Preprocessing: Subword segmentation using SentencePiece (Kudo et al.,2018)

Embedding: Train 2 models: Skip-gram and CBOW, vector size: 300, 40K vocabulary size using FastText (Athiwaratkun et al., 2018).

Japanese is a non-space separated language and needs to be segmented as part of the preprocessing. This can be done using morphological analyzers, such as Mecab (Kudo, 2006), or language-independent algorithms, such as SentencePiece (Kudo et al., 2018). As the concept of a “word” is therefore highly arbitrary, different methods can return different segmentations, all of which may be appropriate given specific target applications.

To tackle the ubiquitous Out-of-Vocabulary (OOV) problem, we are segmenting our texts into “subwords” using SentencePiece. These typically return smaller units and do not align with “word” segmentations returned by Mecab.

If we wanted to evaluate our embeddings on an intrinsic task such as word similarity, we could use the Japanese word similarity data set (Sakaizawa et al., 2018), containing word similarity ratings for pairs of words across different words types by human evaluators.

However, preliminary vocabulary comparisons showed that because of differences in the segmentation, there was little to no overlap between the words in our word embeddings and those in the data set.  For instance, the largest common group occurred in nouns: only 50 out of 1000 total noun comparison pairs.

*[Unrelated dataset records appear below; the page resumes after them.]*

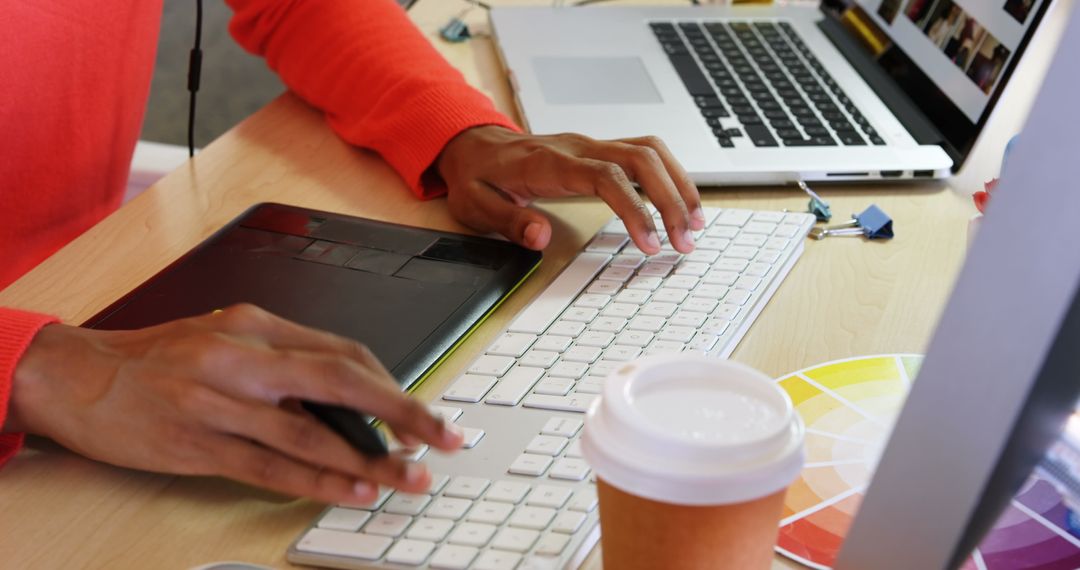 Fashion Designer Working with Graphic Tablet and Computer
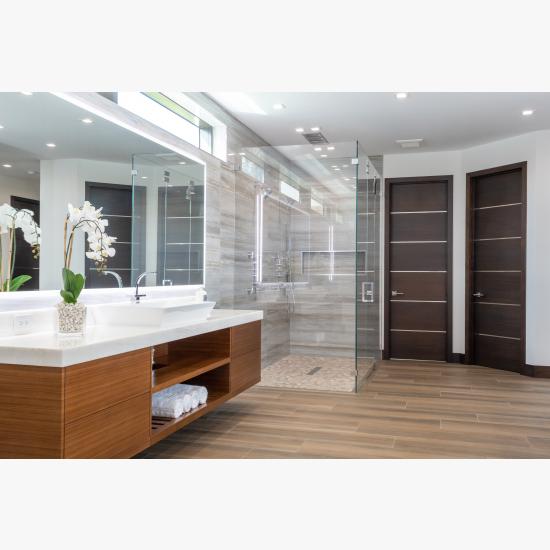 This master bath features TMIR6000 doors in mahogany with ½" bright stainless steel inlay. Builder provided stain finish.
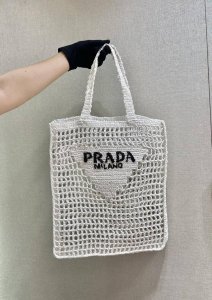 Raffia Tote 1Bg393 This softly deconstructed tote is crafted from raffia, a lig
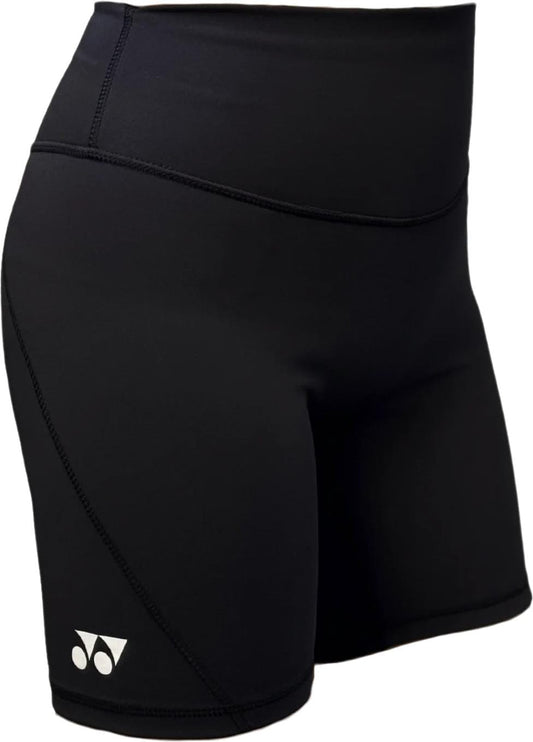 The Yonex YTS2024 Women's Core Tennis Shorts in black feature a high waistband, a small white geometric Yonex logo, and fitted moisture-wicking fabric—ideal for sports or exercise.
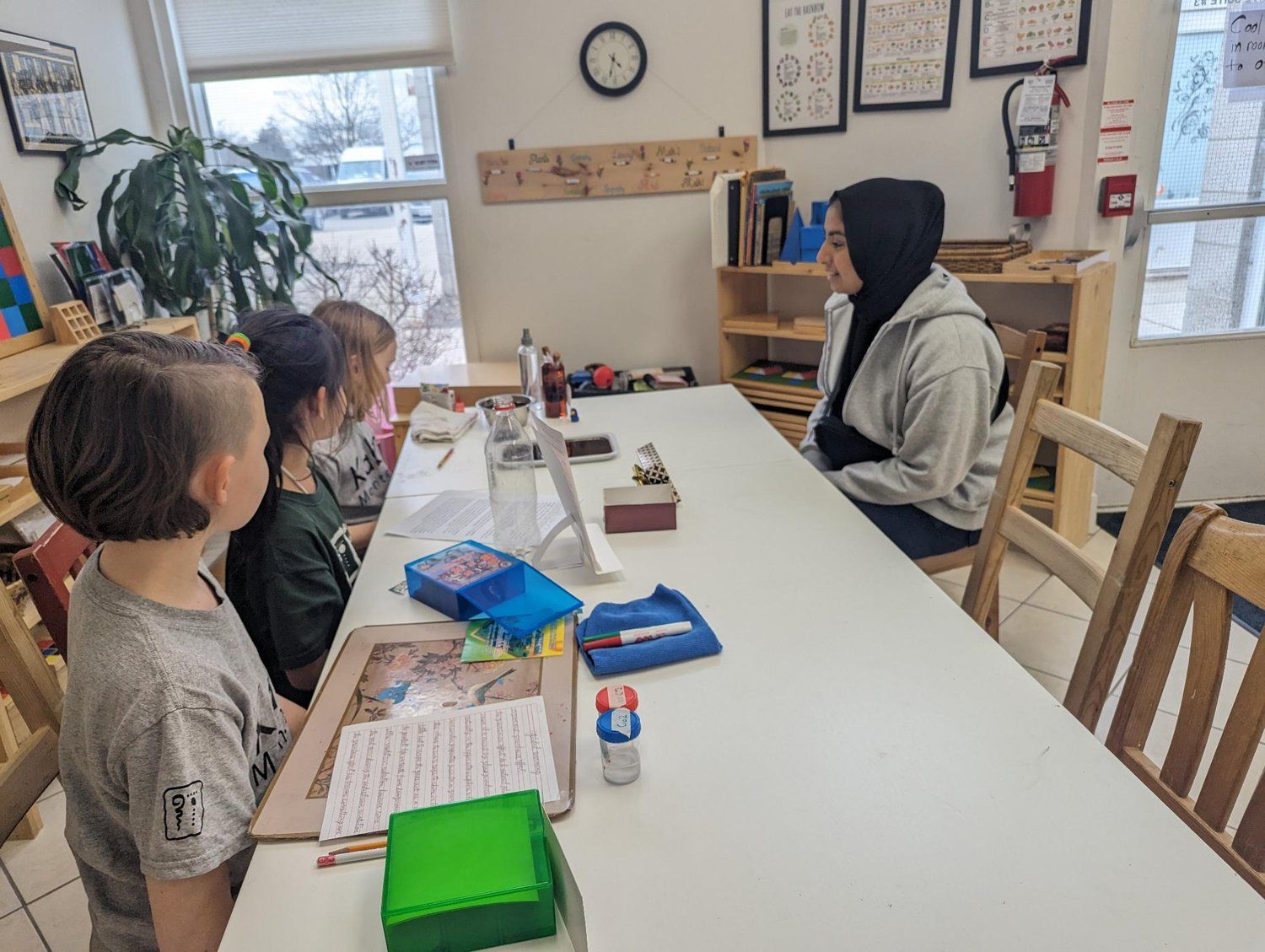 A group of children are sitting at a table in a classroom.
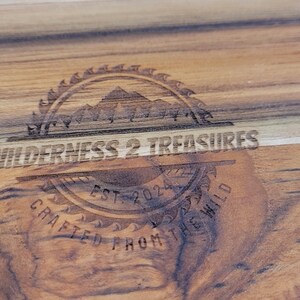 May include: A wooden cutting board with a logo that reads "By Wilderness 2 Treasures Est. 2021 Crafted From The Wild".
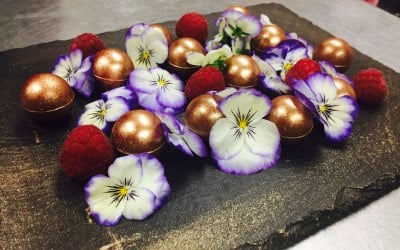 Mixed chocolate truffles with raspberries and edible flowers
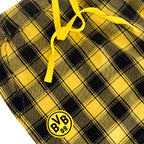 Schwarzgelb karierter BVB-Schlafanzug mit BVB-09-Logo und gelben Kordeln als Fanartikel.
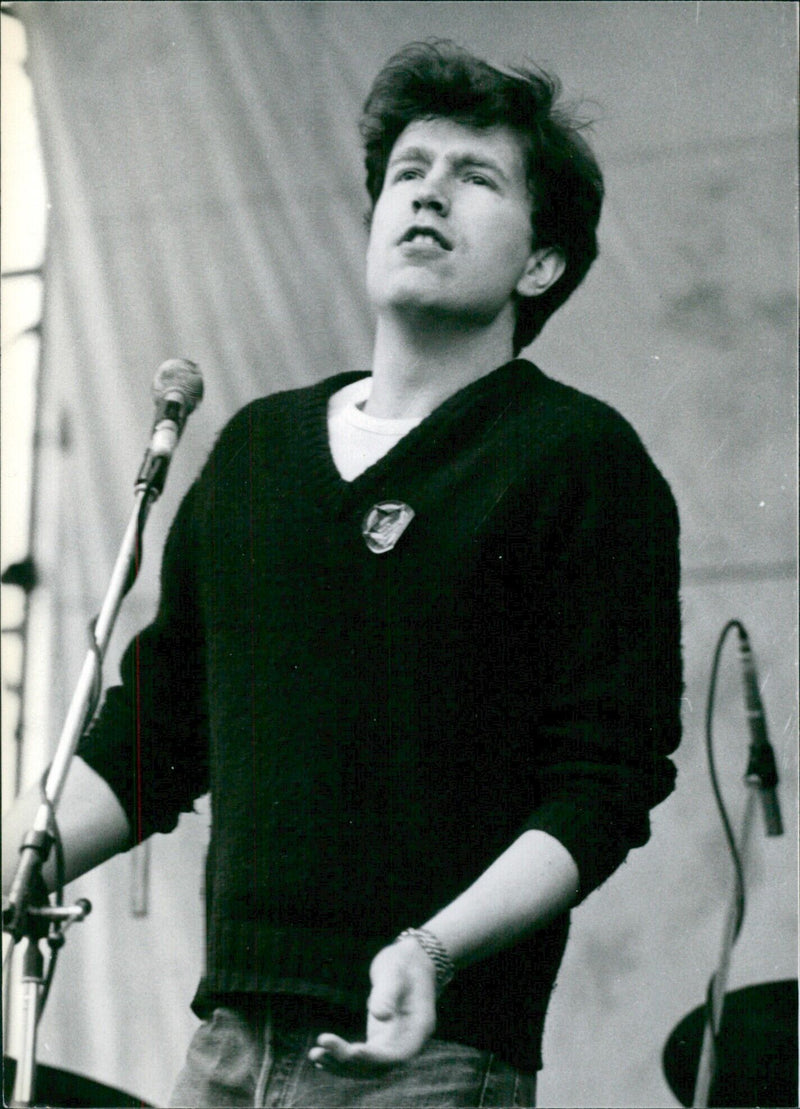 British singer Tom Robinson, leader of the Tom Robinson Band, performs onstage at a concert. - Vintage Photograph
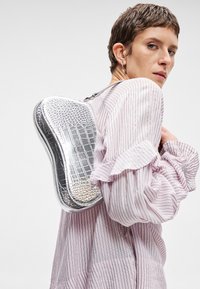 Ασημένιο σακίδιο με ανάγλυφο σχέδιο κροκοδείλου και κομψό, στρογγυλεμένο σχήμα. Διαθέτει γυαλιστερή επιφάνεια και μια ενιαία θήκη που φοριέται πάνω από ένα ροζ πουκάμισο με ρίγες.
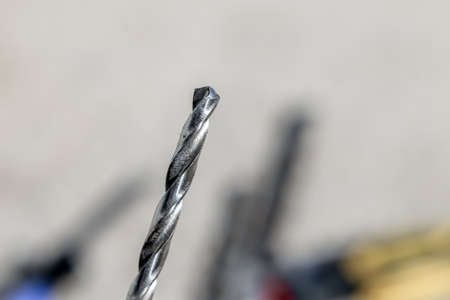 The Isolated Drill Bits with the Gray Ground Backgroundの写真素材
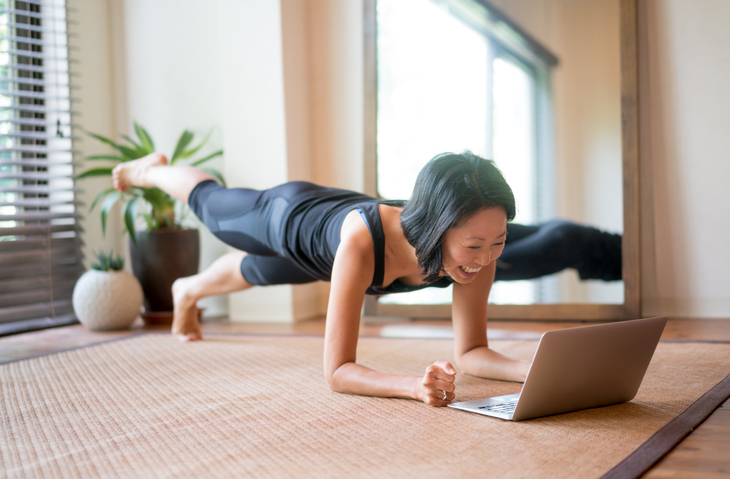 Asian woman exercising at home using Virtual YMCA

So instead we are going to propose a naïve approach to compare two-word embeddings using a Synonym Vector Mapping Approach

For the current data set, we would like to see whether the model can map information from the full text and its summary correctly, even when different expressions are being used, i.e. we would like to test the model’s ability to pair information from two texts that use different words.